*** Available data Section Begins ***

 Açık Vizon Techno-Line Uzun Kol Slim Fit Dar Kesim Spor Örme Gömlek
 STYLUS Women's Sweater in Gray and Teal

*** Available data Section Ends ***
*** Available data Section Begins ***

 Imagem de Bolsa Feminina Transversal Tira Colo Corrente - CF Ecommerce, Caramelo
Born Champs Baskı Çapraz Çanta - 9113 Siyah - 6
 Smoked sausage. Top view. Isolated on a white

*** Available data Section Ends ***

Task item:
From the entries above, extract only the lines running from the one containing "Born Champs Baskı" through the one containing "Smoked sausage. Top", inclusive.

Expected answer:
Born Champs Baskı Çapraz Çanta - 9113 Siyah - 6
 Smoked sausage. Top view. Isolated on a white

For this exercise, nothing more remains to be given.